Manifold Percolation: from generative model to Reinforce learning

TL;DR

This paper introduces a novel topological approach using continuum percolation to analyze and improve generative models by capturing geometric support and preventing manifold collapse.

Contribution

It establishes a rigorous link between percolation phase transitions and data manifolds, and develops a differentiable loss based on topological stability for generative training.

Findings

Percolation Shift metric correlates with structural pathologies like mode collapse.

The method prevents manifold shrinkage during training.

Topological stability enhances generative fidelity and decision-making.

Abstract

Generative modeling is typically framed as learning mapping rules, but from an observer's perspective without access to these rules, the task becomes disentangling the geometric support from the probability distribution.

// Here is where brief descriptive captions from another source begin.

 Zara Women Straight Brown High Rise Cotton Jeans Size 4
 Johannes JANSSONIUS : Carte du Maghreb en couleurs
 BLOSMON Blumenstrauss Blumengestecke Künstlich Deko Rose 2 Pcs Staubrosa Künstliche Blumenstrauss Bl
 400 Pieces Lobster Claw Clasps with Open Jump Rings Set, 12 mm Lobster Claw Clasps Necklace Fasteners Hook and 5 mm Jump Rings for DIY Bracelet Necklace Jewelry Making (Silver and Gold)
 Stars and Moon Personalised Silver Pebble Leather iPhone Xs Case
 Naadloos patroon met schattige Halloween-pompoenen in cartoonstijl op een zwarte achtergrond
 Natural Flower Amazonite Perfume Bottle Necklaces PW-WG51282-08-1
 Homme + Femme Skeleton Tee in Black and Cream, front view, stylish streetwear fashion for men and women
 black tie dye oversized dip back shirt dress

We propose that continuum percolation is uniquely suited to this support analysis, as the sampling process effectively projects high-dimensional density estimation onto a geometric counting problem on the support. In this work, we establish a rigorous correspondence between the topological phase transitions of random geometric graphs and the underlying data manifold in high-dimensional space. By analyzing the relationship between our proposed Percolation Shift metric and FID, we show that this metric captures structural pathologies, such as implicit mode collapse, where standard statistical metrics fail. Finally, we translate this topological phenomenon into a differentiable loss function that guides training. Experimental results confirm that this approach not only prevents manifold shrinkage but also fosters a form of synergistic improvement, where topological stability becomes a prerequisite for sustained high fidelity in both static generation and sequential decision making.